On the other hand, the 13 per cent offer is something short of the ATM cash machine promised by Senator O'Toole. Teachers may have fared better than most other sectors from the process, but 13 per cent is some distance from the expectations of teachers even a year ago.

But the changing economic backdrop has reduced these expectations and perhaps weakened the stomach for battle among teachers. The changing mood was evident recently when over 87 per cent of TUI members voted to back the Government's revised offer on supervision payments.

One ASTI hardliner admits he was stunned by this vote from a traditionally militant union.

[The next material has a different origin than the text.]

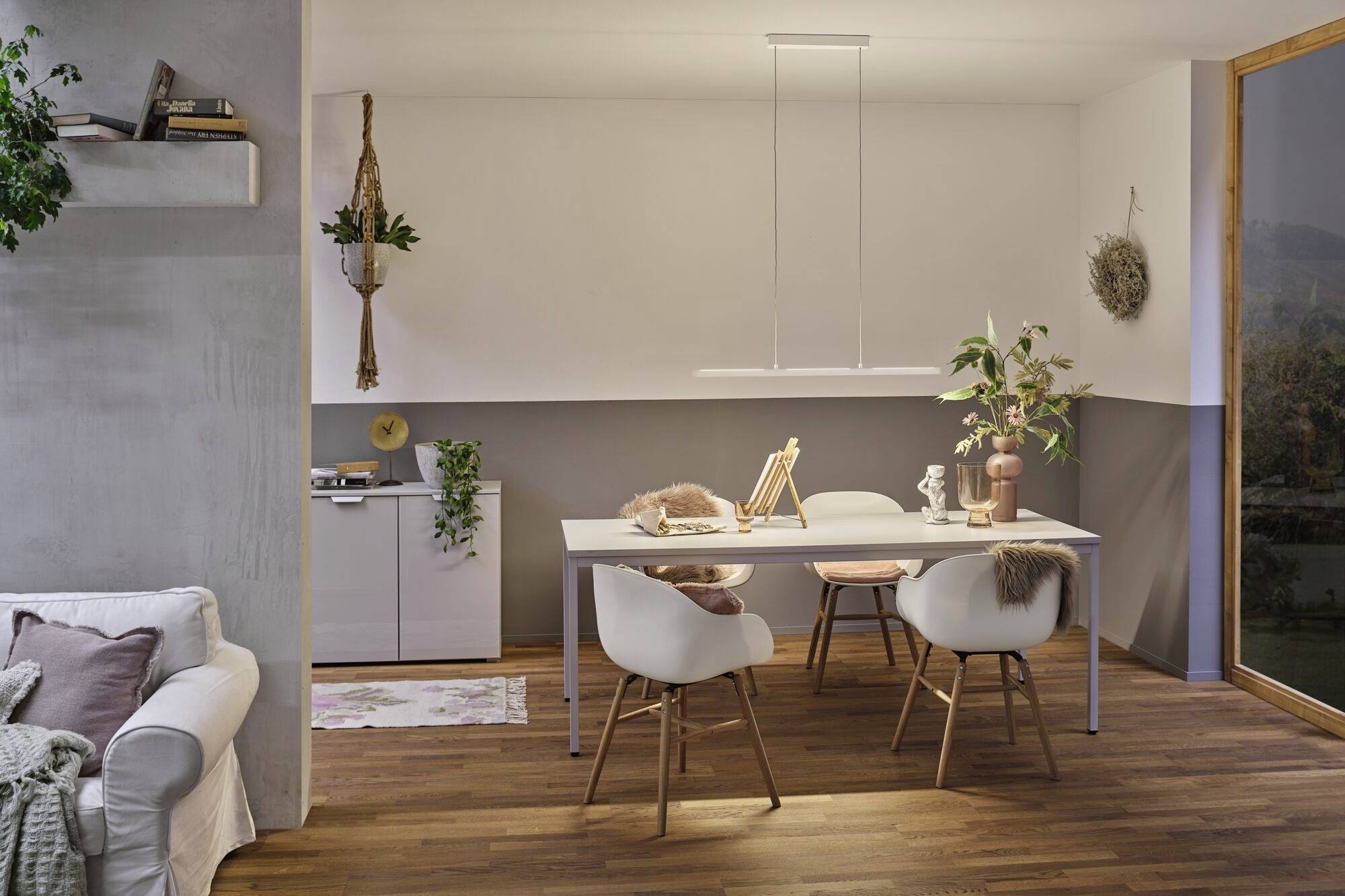 Jedálenská oblasť v modernom štýle s bielym stolom a štyrmi stoličkami na drevenej podlahe. Dekoratívna zeleň a umenie v priestore.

Teachers, he said, appeared to be settling for a quiet life again.

Even before the report is published today, there are already signals that the INTO and the TUI are ready to cut a deal. The TUI's wily general secretary, Mr Jim Dorney, said yesterday the union's decision to co-operate with benchmarking had been fully vindicated. The body, he said, had acknowledged how teachers' pay had fallen behind. The new general secretary of the INTO, Mr John Carr, was also cautiously optimistic.

For both unions the key issue now will be the phasing-in of the new deal. The Government is already committed to paying 25 per cent of the award from last December. It would like to delay full payment until 2004, but the speedy implementation of the Buckley review findings for the most senior ranks of the public service will not help its case.

Both the INTO and the TUI will not be slow to remind the Government that they risked a great deal by staying within the partnership tent and signing up to benchmarking while the ASTI closed schools and cut up rough outside it.

Both the TUI and the INTO believe it is now payback time. If the Government agrees to the swift implementation of the 13 per cent. both unions are likely to recommend acceptance of the offer to members in separate ballots in the autumn.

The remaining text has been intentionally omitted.